Splatoon 3: Side Order Opinion Review

Anna Lucas ‘24 / Emertainment Monthly Staff Writer

Splatoon 2 made waves with its 2018 downloadable campaign, Octo Expansion. The expansion pack put players in the role of Agent 8, an Octoling, as they battled through the Deepsea Metro train line for freedom at the surface. The community was ablaze with hype and speculation as Octolings had only appeared as enemies in story modes prior to that point. Emotions were high as players surmounted the challenges the game had in store to unlock Octolings as permanent playable characters.

Splatoon 3 released its own downloadable campaign this year, and it follows a similar formula. The campaign, titled Side Order, follows Agent 8 as they are pulled into a digital version of Inkopolis Square. They are accompanied by Pearl, one member of the idol group Off the Hook, who takes the form of a drone. In order to discover what happened to this digital world, Agent 8 and Pearl must climb the Spire of Order and find Marina, the other member of Off the Hook. 

I have been a Splatoon superfan since I was 12 years old. To say I was excited for the expansion pass was an understatement; I had it preordered months before it actually released. But now that it’s finally out, does it match up to the hype of its predecessor?

The gameplay

Side Order puts a unique spin on the traditional Splatoon shooter gameplay. It is a “roguelike,” a trek through a chain of randomly-generated levels, where if the player loses all their lives, it’s back to the very beginning. Though, the term “roguelite” is more accurate, as not all progress is lost at the end of a run. 

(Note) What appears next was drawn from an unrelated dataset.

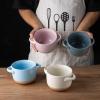 imageAmorArc 24 Ounces Soup Bowls with Large Handles and Lids Stoneware Bowls Set of 4 for SoupStew Noodle Ceramic Kitchen Bowls With Embossed Patterns MicrowaveampampDishwasher Safe Light BeigePink Sky Blue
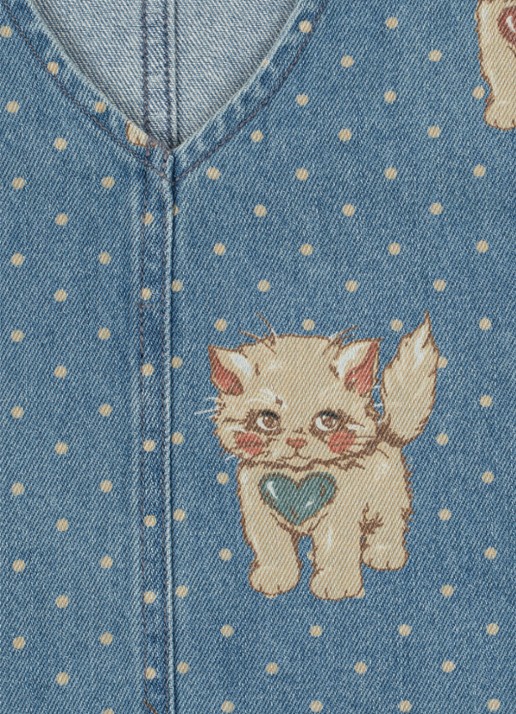Konges Sløjd Magot jurk van denim met print - achterkant indigo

Players climb a thirty-floor tower. Each floor has a choice between three levels, all randomly-generated. Sometimes, Agent 8 is sinking an eight-ball into goals to pass a level. Other times, they may protect an area from incoming enemies, or destroy a series of enemy portals. While there are only five different “objectives”, there are different stages to play on based on the difficulty chosen. 

With each level the player chooses, they receive a “color chip.” Color chips are placed into Agent 8’s palette and can give them different buffs as they climb the spire. Examples of these buffs include increased speed, damage, item drops, and abilities for the Pearl Drone, which flies around and assists the player in combat. 

The player receives a currency, called Membux, for each level they complete. Membux can be spent at vending machines, where players can replenish their lives, replace their sub and special weapons, or purchase additional color chips. If players save their Membux, they earn more Prlz at the end of a run. Prlz is another currency that can be used before a run to make future runs easier. Players can reduce the damage they take, gain additional lives, or increase the variety of color chips they receive. 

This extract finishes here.